Alors le groupe veut croire à un avenir plus radieux. Déjà, le niveau de stocks des concessionnaires américains – "une priorité majeure", veut souligner Stellantis - a été réduit de plus de 80 000 unités à la fin du mois d’octobre, s’inscrivant ainsi en bonne voie pour atteindre l’objectif de baisse de 100 000 unités dès la fin du mois de novembre. Carlos Tavares l’avait aussi précédemment garanti : les embûches opérationnelles nord-américaines devraient être résolues d’ici la fin de l’année. D’autant que l’accueil réservé aux nouveaux produits lancés (comme la nouvelle Peugeot 3008, Citroën C3 ou bien le lancement européen de Leapmotor) semble favorable. "En Europe, les exigences strictes en matière de qualité ont retardé le lancement de certains produits à fort volume, mais avec les progrès réalisés pour surmonter ces écueils, nous bénéficierons bientôt de l’impact considérablement élargi que notre nouvelle génération de produits apportera pour 2025 et au-delà", poursuit le directeur financier.

De quoi, pour le groupe, réitérer ses prévisions pour l’année 2024. Même si elles n’ont plus rien à voir avec celles qui avaient été communiquées au début de l’exercice. Pour mémoire, Stellantis a sévèrement révisé ses objectifs pour 2024 à la baisse à la fin du mois de septembre. Si des signes précurseurs avaient pu se dessiner, leur ampleur avait jeté un froid à la Bourse de Paris. Désormais, le constructeur s’attend à ce que sa marge opérationnelle courante se situe dans une fourchette de 5,5 % à 7 % sur l’année, contre un indicateur à deux chiffres précédemment visé. Le free cash-flow industriel, qui était quant à lui attendu positif, devrait plonger dans un intervalle négatif de 5 à 10 milliards d’euros.

La communauté financière sait au moins à quoi s’attendre d’ici à la publication annuelle de Stellantis.
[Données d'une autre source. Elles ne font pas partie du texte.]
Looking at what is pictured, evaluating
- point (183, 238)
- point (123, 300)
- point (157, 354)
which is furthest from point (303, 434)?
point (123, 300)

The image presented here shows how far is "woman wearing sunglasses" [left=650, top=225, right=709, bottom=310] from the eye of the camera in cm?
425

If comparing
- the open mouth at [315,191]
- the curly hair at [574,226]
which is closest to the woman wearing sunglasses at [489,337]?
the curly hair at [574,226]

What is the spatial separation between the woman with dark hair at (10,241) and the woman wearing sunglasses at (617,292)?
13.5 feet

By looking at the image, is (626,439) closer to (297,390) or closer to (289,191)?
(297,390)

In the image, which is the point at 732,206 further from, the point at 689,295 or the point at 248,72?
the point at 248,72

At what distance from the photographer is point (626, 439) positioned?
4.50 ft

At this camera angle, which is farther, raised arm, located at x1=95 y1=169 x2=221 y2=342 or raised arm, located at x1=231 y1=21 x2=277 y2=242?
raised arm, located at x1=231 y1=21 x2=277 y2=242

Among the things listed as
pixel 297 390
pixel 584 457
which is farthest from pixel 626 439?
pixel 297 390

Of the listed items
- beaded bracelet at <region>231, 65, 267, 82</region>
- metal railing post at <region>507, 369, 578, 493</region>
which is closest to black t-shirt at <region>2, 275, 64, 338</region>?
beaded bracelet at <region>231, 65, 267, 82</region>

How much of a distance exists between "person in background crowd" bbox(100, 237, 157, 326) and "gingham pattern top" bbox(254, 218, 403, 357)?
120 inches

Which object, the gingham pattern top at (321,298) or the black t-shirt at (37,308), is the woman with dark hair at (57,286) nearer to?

Quid des actionnaires du groupe, habitués à une politique de redistribution favorable ? Le programme de rachat d’actions de 3 milliards d’euros a été achevé en octobre, restituant ainsi un total de 7,7 milliards d’euros aux actionnaires en 2024, souligne le constructeur. Mais Stellantis de prévenir : "La poursuite d’une politique de rémunération du capital cohérente impliquera le calibrage des dividendes et des rachats d’actions au début de l’année 2025".